On Tuesday, The Washington Post published an article entitled “Don’t Rant About Short-staffed Stores and Supply Chain Woes” that berated American customers for being too demanding and called upon them to lower their expectations on the economy.
The author, Micheline Maynard, opened her piece by thrashing the capitalist system for its focus on efficiency that made customers “spoiled.” The system, she claims, has another fatal flaw: It does not take into account such global crises as pandemics that cause havoc for global supply chains and disrupt the normal functioning of the economy. “Time for some new, more realistic expectations,” Maynard said.
Maynard did not reflect on the issue of COVID being widely used as a pretext to impose inadequately harsh restrictions on businesses that caused the current economic disruptions. Instead, she blamed Americans for their inflated appetites.
Citing Amanda Mull’s argument that “For generations, American customers have been trained to be nightmares,” Maynard stated:
Rather than living constantly on the verge of throwing a fit, and risking taking it out on overwhelmed servers, struggling shop owners or late-arriving delivery people, we’d do ourselves a favor by consciously lowering expectations.
The columnist went on to cite such “inconveniences” as prolonged times for restaurant deliveries, shortages of paper cups used in coffee shops, and paper supply shortages that put the publishing of her upcoming book at risk. Maynard signaled she was facing those “challenges” stoically and encouraged all Americans to do the same and “hope for the best.”
While inconvenience in waiting for your restaurant food longer than usual seems like an issue worth mentioning to Maynard, regular Americans are facing a rapidly shrinking supply of basic food, such as bread, poultry, meat, pasta, canned food, bottled water, juices, and carbonated drinks, to name a few. Considering that “overconsumption” is a phenomenon most affecting large cities, Maynard addressed, presumably, those “progressives” populating the cities who may be easily imagined to be “throwing a fit” over coffee cups.
While the situation is unpleasant, the supply chain will “eventually will get straightened out,” Maynard claimed. That “eventually” may not happen until sometime next year, according to the Biden administration’s Transportation Secretary Pete Buttigieg, who echoed Maynard’s claim that it was the customers who caused the supply shortages.
Similarly, White House Press Secretary Jen Psaki implied the supply chain disruptions are a “high class” problem and joked about the “tragedy” of treadmills not getting delivered in a timely fashion.
Maynard concluded that “American consumers might have been spoiled, but generations of them have also dealt with shortages of some kind…. Now it’s our turn to make adjustments.”
Critics were quick to excoriate the piece on social media.
“When your family is hungry, your business is going under, and the bread lines are starting to form, just remember Maynard’s words about ‘making adjustments’!” suggested Christian satirical site Not the Bee.
Many of the reactions implied that lowering expectations was “becoming the theme of Joe Biden’s America,” while others compared the acceptance of empty store shelves to living in the former Soviet Union, where shortages in consumer goods was commonplace. Vice President of State Projects at the Tax Foundation Jared Walczak posted that “passive acceptance” of the supply crisis is mistaken.

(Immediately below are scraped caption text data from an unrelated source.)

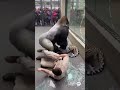 【衝撃】飼育員絶体絶命！その時、隣のゴリラが UNBELIEVABLE: Gorilla Smashes Glass to Save Zookeeper from Leopard Attack!
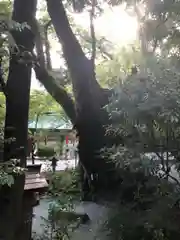 來宮神社の建物その他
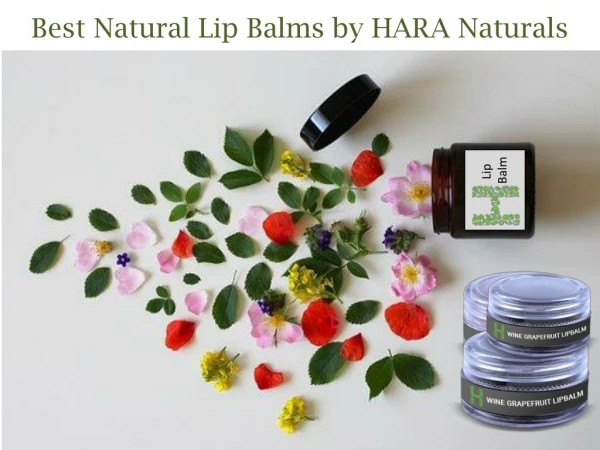 Hara Naturals Lip Balm: Many Benefits with The Easiest Way To Use to Get the Quickest Result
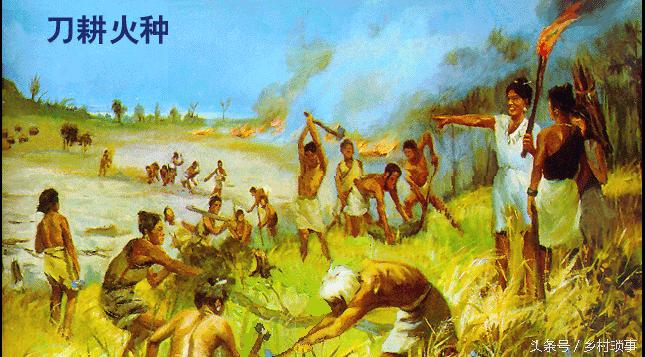 Traditional rice plugging methods rice cultivation methods history of rice cultivation in china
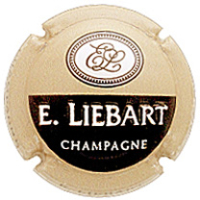 Placa 665ef21f4cb0c_e98ed52c6e080efabdb885260437f213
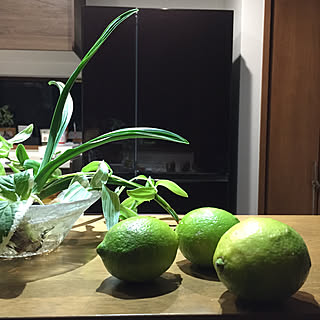 檸檬/秋/逢/観葉植物/キッチンのインテリア実例 - 2020-11-28 19:18:04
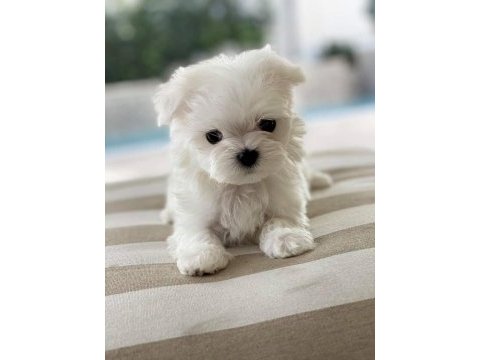 Maltese 0 numara kore kan bebek köpeklerimiz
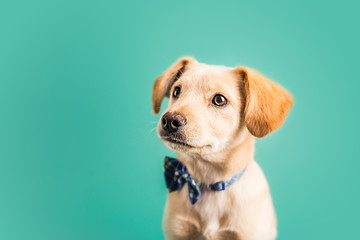 Adorable golden puppy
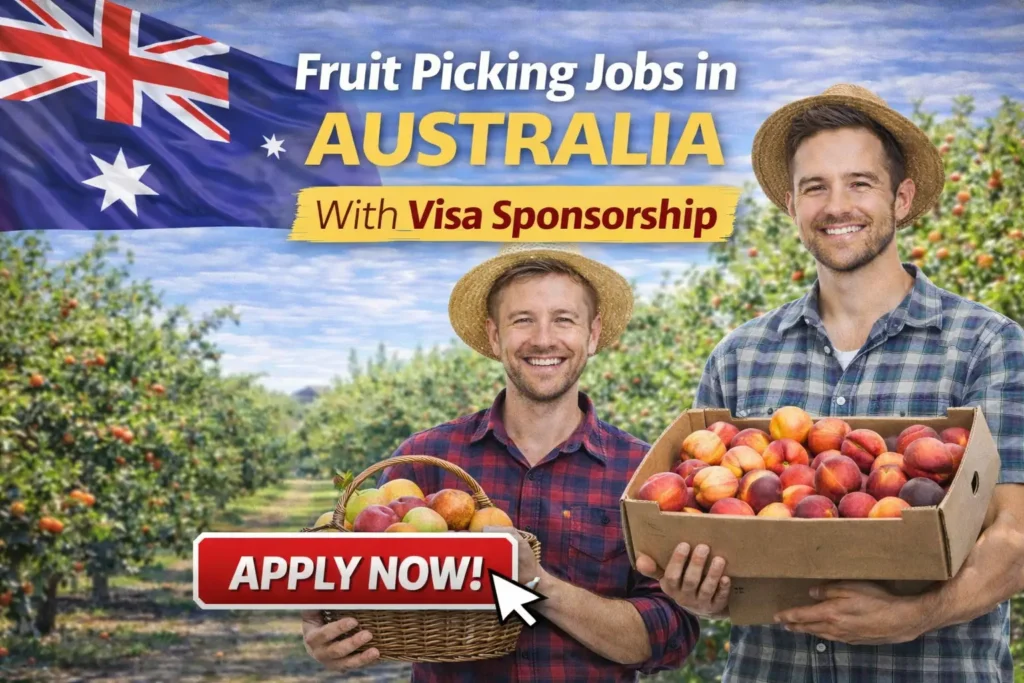 Fruit Picking Jobs in Australia With Visa Sponsorship 2026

Media outlets such as this one have aggregated some of the “blue-tick” reactions to the piece on Twitter.
While some of the commentators joked about the corporate media urging Americans to “accept the bread lines” that are “not that bad,” there is a possibility that severe food shortages could at some point become a reality.
In a recent report, Moody’s Analytics warned that a range of factors have created conditions where food and other essential goods could soon be in very short supply.
The report reads:
Border controls and mobility restrictions … and pent-up demand from being stuck at home have combined for a perfect storm where global production will be hampered because deliveries are not made in time, costs and prices will rise and GDP growth worldwide will not be as robust as a result.
In the United States, the workforce shortages were exacerbated by Biden’s stimulus payments that contributed to workers staying out of work long after the lockdowns were rescinded in most areas.
Back in April 2020, the United Nations “foresaw” the supply-chain disruptions that would cause a global “famine of biblical proportions.”
The World Bank posted in August that an “increasing number of countries are facing growing levels of acute food insecurity, reversing years of development gains.”
What would be an appropriate policy to address the issue? Producing more food, of course. But the Biden administration is actually doing the opposite: In April, it announced it would expand a program that pays farmers to leave land fallow as part of a broader, government-wide effort to cut greenhouse gas emissions in half by 2030. “Sometimes the best solutions are right in front of you,” said Agriculture Secretary Tom Vilsack at the time.
In June, “in a rare bipartisan move,” the Senate approved a program that encourages farmers to grow “carbon-capturing” crops that remove carbon dioxide from the air and divert it into the soil in a “push to turn American farmland into a massive carbon sponge,” per Politico.
In that troubling and uncertain situation, you may either follow the advice of The Washington Post and make “reasonable adjustments” to your everyday life or readjust the political elites that are creating the perpetual crisis.